Thai Princess Ubolratana Mahidol, who made an abortive attempt last month to be a prime ministerial candidate for a political party allied to Thaksin, was a special guest. Although Thaksin was ousted by a 2006 military coup, the Pheu Thai Party of his loyalists is expected to capture the most seats in today’s polls.
Photo: EPA-EFE
Thaksin has not been back to Thailand since 2008, when he fled the country to escape serving a prison term for a conflict-of-interest conviction he insists was politically motivated.
Thailand’s conservative establishment hates him because of the electoral strength he drew from the country’s poor and rural majority with his populist programs.

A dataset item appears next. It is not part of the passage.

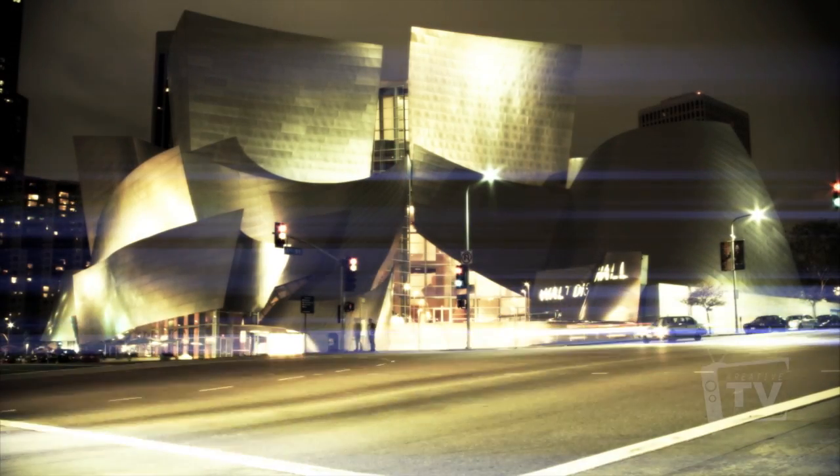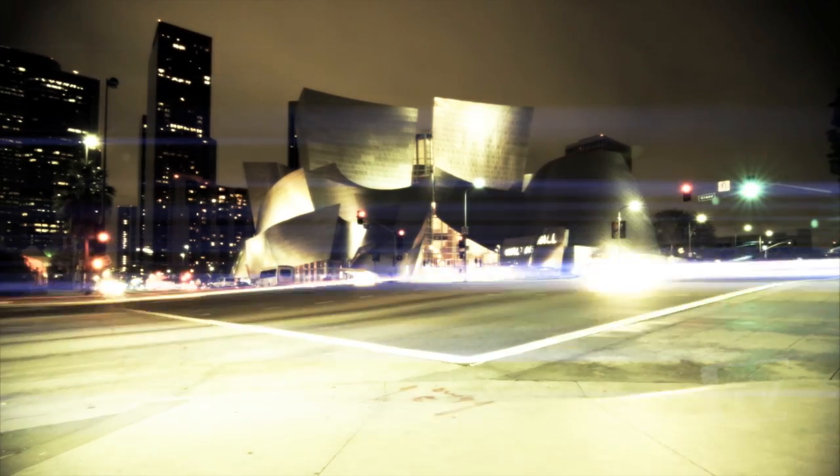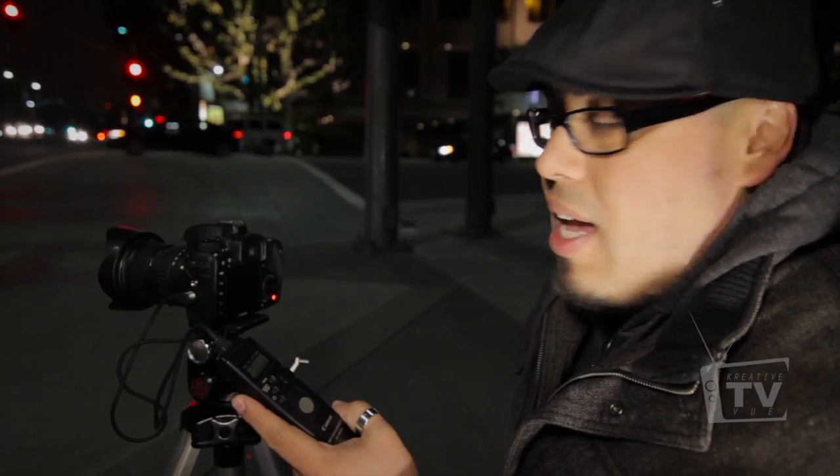You guys have to make the decision on which will suit your needs better. In this case, I am using the Canon TC80N3 today to give it a shot and see how it works out with my 7D. I'm also using my Tokina 11-16mm lens.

He was not able to attend the actual marriage ceremony in Thailand on Sunday last week of his youngest daughter, Paetongtarn Shinawatra, and Pidok Sooksawas, a pilot at a commercial airline. However, he beamed in through a video link — a method he frequently used to talk to his followers in the early years of his exile.
Also absent at the nuptials in Bangkok but present in Hong Kong was Thaksin’s sister, Yingluck Shinawatra, who, like her brother, was ousted from the prime minister’s job in 2014 and also fled into exile to avoid a prison sentence.
A video posted on Instagram by a guest at Friday’s reception showed the bride, evidently referring to her father, telling guests: “You know the reason why I — we — have this wedding this far away from our hometown. It’s because home is where your heart is, and my heart is right here.”
Reporters hovering outside the entrance to Hong Kong’s Rosewood Hotel were able to shout a few questions to Thaksin as he escorted guests inside, but received only brief answers.
He said he was “very happy” in English, and when asked in Thai how he felt about the elections, he said: “I don’t know yet.”
However, in a video shown on the Web site of Thailand’s Matichon newspaper group, Thaksin did talk briefly about politics in remarks to the crowd at the reception.
The wedding reception had long been planned for March 22, but the election had been provisionally scheduled for Feb. 24.
Had the election taken place before the reception, the room would not have been big enough to hold all the well-wishers and guests because the parties loyal to Thaksin “will win for sure,” he said.
“Thailand has been taking away rights, lacking opportunities, for five years,” he said. “Now Thailand is longing for the election. It is time for the Thai people who have been wanting to see freedom, wanting to see the economy prosperous again, wanting to see confidence from investors.”